# AIM OF THE EXERCISE
In the records below, find the line holding "Adidas × Vintage" and the line holding "Thumbnail: 2021 Lexus RX - 31". Set down both, with every line between them, exactly.

# EXERCISE INPUTS
>>>

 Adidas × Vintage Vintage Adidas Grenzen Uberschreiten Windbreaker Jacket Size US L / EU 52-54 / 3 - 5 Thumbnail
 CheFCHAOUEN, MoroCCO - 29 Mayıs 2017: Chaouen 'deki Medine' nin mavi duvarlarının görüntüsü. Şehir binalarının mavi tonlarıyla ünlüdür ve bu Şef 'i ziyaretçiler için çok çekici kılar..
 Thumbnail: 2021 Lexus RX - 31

<<<
>>>

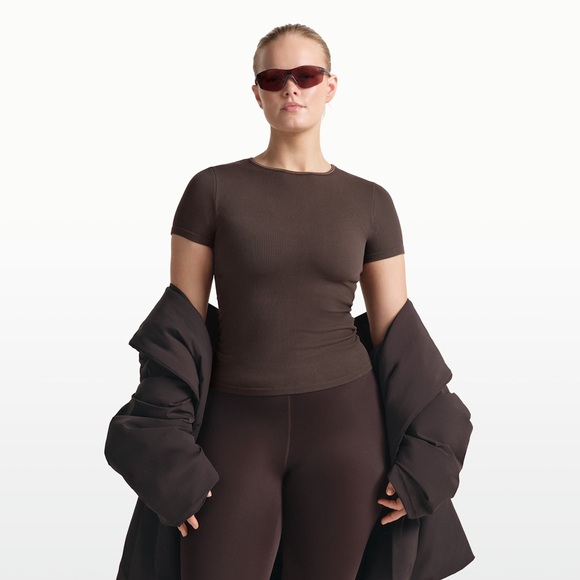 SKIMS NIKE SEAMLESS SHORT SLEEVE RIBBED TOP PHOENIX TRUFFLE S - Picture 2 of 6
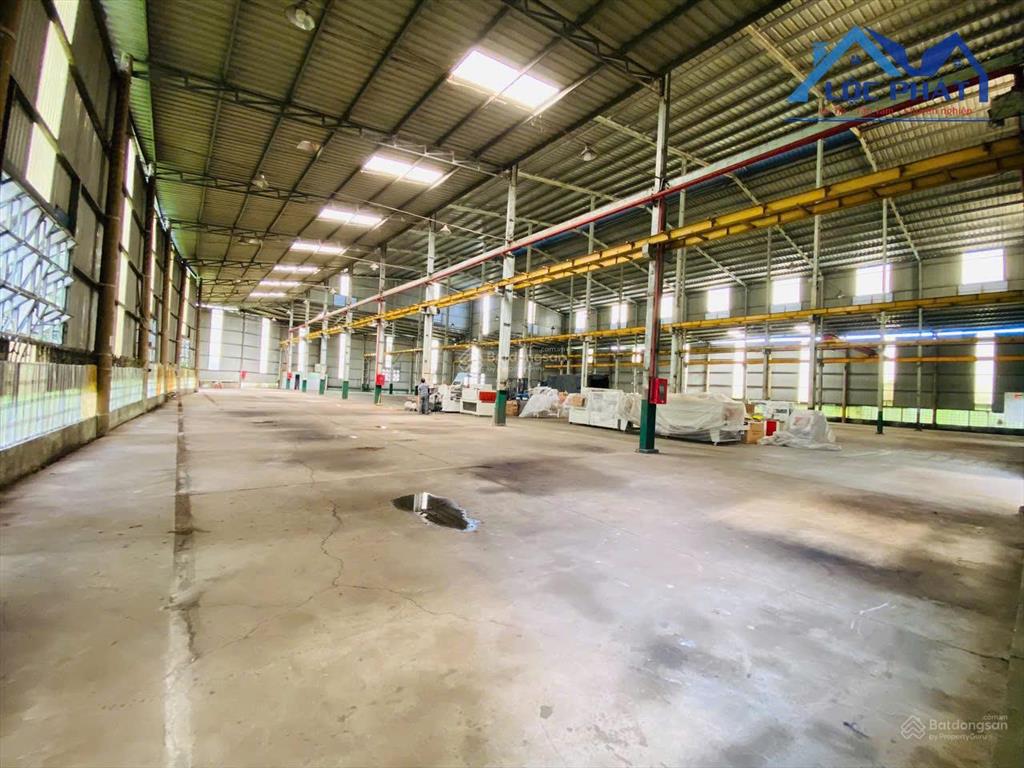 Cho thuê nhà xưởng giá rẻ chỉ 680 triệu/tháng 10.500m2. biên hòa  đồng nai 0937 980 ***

<<<

# SOLUTION TO THIS PROBLEM
 Adidas × Vintage Vintage Adidas Grenzen Uberschreiten Windbreaker Jacket Size US L / EU 52-54 / 3 - 5 Thumbnail
 CheFCHAOUEN, MoroCCO - 29 Mayıs 2017: Chaouen 'deki Medine' nin mavi duvarlarının görüntüsü. Şehir binalarının mavi tonlarıyla ünlüdür ve bu Şef 'i ziyaretçiler için çok çekici kılar..
 Thumbnail: 2021 Lexus RX - 31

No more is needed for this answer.